Records for this exercise Start Marker

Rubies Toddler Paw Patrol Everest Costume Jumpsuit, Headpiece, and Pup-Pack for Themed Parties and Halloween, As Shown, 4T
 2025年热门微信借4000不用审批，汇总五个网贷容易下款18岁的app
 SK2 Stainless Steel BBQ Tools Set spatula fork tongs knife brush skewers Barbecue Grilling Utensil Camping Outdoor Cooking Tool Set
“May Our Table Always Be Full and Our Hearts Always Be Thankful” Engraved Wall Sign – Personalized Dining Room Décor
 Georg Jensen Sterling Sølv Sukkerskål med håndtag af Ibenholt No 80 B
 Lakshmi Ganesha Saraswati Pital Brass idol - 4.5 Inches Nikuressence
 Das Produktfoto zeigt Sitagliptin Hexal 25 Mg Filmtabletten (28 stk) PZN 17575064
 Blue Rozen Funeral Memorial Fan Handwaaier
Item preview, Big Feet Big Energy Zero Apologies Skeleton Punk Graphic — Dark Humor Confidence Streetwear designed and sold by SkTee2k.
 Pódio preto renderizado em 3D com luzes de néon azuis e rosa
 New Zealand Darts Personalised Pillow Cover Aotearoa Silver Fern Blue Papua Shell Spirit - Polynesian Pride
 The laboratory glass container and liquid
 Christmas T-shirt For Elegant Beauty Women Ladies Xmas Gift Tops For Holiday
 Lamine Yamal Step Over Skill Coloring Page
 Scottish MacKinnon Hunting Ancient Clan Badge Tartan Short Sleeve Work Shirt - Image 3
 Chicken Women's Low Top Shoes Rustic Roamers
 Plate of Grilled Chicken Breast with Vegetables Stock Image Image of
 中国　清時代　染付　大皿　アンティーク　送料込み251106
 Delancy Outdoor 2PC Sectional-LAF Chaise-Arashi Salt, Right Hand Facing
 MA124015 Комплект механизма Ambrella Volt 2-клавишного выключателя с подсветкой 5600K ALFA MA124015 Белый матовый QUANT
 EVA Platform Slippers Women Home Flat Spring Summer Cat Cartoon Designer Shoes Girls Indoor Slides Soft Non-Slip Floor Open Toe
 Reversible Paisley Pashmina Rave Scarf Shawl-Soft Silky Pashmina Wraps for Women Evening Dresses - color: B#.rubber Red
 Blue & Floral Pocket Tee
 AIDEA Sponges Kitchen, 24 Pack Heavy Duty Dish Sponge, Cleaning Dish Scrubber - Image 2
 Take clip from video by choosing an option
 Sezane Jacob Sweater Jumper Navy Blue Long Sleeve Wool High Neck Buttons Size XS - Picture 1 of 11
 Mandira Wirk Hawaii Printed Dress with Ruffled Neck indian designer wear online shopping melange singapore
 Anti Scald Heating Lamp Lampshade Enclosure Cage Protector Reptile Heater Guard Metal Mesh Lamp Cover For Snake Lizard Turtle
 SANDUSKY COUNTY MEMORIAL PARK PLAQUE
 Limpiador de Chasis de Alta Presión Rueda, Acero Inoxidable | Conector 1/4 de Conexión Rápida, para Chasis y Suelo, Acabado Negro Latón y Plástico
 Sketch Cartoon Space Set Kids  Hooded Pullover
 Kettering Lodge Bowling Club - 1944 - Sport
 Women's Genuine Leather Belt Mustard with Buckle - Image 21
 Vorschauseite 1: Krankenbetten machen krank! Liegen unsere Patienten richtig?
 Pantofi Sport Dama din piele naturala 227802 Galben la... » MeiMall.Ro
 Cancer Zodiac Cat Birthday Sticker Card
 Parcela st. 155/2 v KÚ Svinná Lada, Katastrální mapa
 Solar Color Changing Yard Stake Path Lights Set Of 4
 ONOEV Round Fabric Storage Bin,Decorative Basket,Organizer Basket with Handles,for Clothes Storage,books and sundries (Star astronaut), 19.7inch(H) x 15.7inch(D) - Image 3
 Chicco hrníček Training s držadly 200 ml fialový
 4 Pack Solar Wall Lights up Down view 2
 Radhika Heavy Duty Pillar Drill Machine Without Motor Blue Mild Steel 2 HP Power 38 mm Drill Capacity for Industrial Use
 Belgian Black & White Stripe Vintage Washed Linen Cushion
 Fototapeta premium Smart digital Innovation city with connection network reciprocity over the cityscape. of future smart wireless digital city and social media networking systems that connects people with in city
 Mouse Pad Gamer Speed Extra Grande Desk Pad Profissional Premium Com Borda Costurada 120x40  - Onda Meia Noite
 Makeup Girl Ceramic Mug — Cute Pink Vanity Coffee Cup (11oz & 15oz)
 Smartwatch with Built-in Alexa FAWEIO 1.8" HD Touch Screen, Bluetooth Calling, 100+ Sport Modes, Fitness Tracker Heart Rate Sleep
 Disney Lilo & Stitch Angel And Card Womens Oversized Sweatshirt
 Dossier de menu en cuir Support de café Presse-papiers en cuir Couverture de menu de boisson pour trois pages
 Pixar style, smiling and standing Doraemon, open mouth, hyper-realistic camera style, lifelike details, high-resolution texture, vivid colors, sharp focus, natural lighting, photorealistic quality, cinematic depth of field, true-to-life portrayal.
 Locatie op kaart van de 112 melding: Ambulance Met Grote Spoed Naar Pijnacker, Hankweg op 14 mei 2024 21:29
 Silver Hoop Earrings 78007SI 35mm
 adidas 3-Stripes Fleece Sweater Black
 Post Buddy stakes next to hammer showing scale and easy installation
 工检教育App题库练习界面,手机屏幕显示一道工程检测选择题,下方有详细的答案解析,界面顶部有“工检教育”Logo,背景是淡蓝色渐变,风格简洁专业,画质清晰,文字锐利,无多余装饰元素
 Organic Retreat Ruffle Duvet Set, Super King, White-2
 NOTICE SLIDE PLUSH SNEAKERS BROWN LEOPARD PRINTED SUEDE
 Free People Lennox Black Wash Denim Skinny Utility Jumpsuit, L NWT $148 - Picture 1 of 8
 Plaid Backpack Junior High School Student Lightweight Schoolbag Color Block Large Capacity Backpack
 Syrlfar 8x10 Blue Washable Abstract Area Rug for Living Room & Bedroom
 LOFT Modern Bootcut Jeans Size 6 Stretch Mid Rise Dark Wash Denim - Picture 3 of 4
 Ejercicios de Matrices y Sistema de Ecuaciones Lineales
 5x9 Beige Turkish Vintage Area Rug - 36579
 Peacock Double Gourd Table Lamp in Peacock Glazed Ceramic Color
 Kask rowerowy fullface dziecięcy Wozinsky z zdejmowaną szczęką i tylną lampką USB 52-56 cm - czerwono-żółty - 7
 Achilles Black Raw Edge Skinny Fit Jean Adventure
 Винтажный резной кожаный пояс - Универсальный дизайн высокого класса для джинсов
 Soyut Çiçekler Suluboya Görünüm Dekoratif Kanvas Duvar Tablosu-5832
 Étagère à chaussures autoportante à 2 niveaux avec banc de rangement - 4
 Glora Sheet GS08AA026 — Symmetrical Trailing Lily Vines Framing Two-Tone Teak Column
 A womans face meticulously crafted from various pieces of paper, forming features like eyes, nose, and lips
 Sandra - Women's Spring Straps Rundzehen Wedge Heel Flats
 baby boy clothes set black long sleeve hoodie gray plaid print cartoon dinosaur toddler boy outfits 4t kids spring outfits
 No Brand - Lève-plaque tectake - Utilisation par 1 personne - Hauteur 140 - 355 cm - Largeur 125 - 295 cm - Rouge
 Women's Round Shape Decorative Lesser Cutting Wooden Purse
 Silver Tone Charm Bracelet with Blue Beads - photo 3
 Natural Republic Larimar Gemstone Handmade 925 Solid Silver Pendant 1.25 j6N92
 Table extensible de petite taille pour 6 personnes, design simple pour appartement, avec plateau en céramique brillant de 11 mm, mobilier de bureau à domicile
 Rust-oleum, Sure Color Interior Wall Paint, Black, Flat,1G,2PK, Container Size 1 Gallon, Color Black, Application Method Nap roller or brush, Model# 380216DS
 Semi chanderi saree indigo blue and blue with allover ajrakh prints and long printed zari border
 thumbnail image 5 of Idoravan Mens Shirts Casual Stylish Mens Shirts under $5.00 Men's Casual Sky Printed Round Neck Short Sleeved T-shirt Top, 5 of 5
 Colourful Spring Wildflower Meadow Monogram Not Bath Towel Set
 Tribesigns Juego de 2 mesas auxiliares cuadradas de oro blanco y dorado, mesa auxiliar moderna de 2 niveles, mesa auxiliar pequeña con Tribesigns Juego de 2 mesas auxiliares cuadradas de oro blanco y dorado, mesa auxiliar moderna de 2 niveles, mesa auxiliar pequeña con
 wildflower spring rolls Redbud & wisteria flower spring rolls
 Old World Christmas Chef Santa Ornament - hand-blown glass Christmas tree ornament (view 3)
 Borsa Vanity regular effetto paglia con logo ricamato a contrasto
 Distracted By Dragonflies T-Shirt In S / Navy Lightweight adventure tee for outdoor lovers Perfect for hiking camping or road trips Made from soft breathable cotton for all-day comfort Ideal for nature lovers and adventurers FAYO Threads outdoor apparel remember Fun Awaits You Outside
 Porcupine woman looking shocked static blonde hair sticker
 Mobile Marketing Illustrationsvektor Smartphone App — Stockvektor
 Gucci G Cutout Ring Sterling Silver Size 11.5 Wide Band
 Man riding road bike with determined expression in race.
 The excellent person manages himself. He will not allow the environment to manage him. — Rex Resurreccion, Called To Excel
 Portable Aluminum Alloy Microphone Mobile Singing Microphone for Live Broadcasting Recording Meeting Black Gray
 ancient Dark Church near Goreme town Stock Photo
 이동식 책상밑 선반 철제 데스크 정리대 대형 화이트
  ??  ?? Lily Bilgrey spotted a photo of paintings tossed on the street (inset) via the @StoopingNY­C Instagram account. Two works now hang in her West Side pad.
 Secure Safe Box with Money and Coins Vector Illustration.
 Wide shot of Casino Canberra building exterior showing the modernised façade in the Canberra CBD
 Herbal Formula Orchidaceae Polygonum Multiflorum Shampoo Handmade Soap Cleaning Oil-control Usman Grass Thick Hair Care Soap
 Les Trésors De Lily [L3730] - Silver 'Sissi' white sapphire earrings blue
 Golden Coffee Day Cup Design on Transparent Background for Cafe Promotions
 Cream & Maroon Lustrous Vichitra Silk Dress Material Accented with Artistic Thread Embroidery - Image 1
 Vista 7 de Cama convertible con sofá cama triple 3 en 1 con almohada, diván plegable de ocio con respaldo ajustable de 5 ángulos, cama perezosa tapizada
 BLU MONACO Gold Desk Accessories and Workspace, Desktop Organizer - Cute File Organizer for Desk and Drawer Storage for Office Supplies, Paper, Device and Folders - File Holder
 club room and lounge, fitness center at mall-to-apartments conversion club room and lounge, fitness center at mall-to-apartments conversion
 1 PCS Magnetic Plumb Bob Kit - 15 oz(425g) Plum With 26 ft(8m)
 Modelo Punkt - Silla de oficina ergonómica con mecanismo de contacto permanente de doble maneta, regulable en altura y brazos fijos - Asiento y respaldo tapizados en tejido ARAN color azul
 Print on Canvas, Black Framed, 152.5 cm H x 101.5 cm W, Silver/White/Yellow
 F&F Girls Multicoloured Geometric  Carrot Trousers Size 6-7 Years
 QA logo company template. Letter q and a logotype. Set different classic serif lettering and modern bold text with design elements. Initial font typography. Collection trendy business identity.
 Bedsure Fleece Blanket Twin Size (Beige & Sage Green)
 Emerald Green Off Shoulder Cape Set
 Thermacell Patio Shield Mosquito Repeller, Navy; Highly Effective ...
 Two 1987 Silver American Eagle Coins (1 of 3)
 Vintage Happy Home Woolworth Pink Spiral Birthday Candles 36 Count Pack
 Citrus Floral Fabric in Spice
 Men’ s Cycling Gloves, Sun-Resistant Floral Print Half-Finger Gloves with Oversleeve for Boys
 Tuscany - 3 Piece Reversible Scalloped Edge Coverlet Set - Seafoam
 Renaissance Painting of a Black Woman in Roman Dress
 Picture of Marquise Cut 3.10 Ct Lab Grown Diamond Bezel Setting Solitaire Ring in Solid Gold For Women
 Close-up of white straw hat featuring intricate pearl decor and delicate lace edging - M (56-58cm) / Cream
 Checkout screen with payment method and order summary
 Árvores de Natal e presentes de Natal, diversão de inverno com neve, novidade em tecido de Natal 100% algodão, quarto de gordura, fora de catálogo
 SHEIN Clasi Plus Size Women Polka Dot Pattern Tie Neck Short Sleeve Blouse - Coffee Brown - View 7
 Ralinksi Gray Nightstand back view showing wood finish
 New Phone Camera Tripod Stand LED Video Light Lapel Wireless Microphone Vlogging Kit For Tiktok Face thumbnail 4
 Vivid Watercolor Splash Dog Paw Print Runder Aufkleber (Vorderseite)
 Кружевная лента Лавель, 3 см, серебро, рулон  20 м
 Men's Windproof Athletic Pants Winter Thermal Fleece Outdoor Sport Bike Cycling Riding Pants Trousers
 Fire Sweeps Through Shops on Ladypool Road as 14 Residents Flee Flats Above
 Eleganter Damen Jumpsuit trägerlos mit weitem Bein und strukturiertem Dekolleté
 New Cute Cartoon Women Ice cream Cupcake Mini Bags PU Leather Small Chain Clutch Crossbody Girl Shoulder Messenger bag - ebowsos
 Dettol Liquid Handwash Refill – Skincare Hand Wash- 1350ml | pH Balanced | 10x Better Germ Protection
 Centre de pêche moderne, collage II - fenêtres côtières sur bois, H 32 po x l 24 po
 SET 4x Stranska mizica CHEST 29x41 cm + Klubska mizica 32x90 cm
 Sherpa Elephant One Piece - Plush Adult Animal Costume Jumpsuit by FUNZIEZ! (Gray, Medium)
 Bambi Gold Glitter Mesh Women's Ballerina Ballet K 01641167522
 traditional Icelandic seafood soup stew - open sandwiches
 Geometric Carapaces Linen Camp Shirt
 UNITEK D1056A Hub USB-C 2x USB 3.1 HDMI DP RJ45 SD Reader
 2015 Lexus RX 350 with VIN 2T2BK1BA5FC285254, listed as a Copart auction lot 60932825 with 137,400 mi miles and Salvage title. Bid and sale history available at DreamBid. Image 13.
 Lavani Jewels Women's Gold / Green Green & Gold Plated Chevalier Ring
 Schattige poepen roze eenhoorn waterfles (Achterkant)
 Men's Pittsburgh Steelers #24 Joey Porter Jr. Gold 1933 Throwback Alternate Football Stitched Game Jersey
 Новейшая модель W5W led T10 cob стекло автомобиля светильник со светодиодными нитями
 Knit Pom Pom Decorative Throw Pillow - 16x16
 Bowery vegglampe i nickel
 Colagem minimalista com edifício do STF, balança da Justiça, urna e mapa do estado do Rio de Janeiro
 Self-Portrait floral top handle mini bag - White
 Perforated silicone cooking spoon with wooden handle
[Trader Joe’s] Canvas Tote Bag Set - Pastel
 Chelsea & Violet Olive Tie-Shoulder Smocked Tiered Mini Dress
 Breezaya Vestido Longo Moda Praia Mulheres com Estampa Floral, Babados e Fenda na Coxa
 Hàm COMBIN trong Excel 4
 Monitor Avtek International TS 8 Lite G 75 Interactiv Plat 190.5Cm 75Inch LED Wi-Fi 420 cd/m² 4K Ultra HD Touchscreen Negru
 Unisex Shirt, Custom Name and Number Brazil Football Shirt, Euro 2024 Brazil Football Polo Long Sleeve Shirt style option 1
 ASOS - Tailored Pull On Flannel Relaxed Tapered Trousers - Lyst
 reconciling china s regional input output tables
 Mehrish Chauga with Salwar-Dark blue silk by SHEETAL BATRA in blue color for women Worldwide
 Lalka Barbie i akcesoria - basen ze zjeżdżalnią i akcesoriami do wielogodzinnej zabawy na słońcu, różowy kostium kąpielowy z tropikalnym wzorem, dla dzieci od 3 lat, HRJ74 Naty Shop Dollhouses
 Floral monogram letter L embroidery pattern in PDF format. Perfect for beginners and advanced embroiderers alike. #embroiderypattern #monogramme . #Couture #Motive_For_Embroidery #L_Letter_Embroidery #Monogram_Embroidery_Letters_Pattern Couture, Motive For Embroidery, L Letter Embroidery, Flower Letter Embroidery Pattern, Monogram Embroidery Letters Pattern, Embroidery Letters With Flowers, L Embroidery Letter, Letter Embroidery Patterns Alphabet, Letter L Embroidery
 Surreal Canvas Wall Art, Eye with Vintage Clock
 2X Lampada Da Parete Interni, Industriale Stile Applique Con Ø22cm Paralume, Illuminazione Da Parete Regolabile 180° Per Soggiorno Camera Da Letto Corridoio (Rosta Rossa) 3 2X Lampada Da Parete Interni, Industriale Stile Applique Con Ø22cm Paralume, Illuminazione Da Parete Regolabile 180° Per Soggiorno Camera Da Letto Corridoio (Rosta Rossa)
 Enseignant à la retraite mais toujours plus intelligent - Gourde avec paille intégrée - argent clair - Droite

Records for this exercise End Marker

• The task: Go through the preceding material and copy each line that has the word "Mesh".

• Result:
 Anti Scald Heating Lamp Lampshade Enclosure Cage Protector Reptile Heater Guard Metal Mesh Lamp Cover For Snake Lizard Turtle
 Bambi Gold Glitter Mesh Women's Ballerina Ballet K 01641167522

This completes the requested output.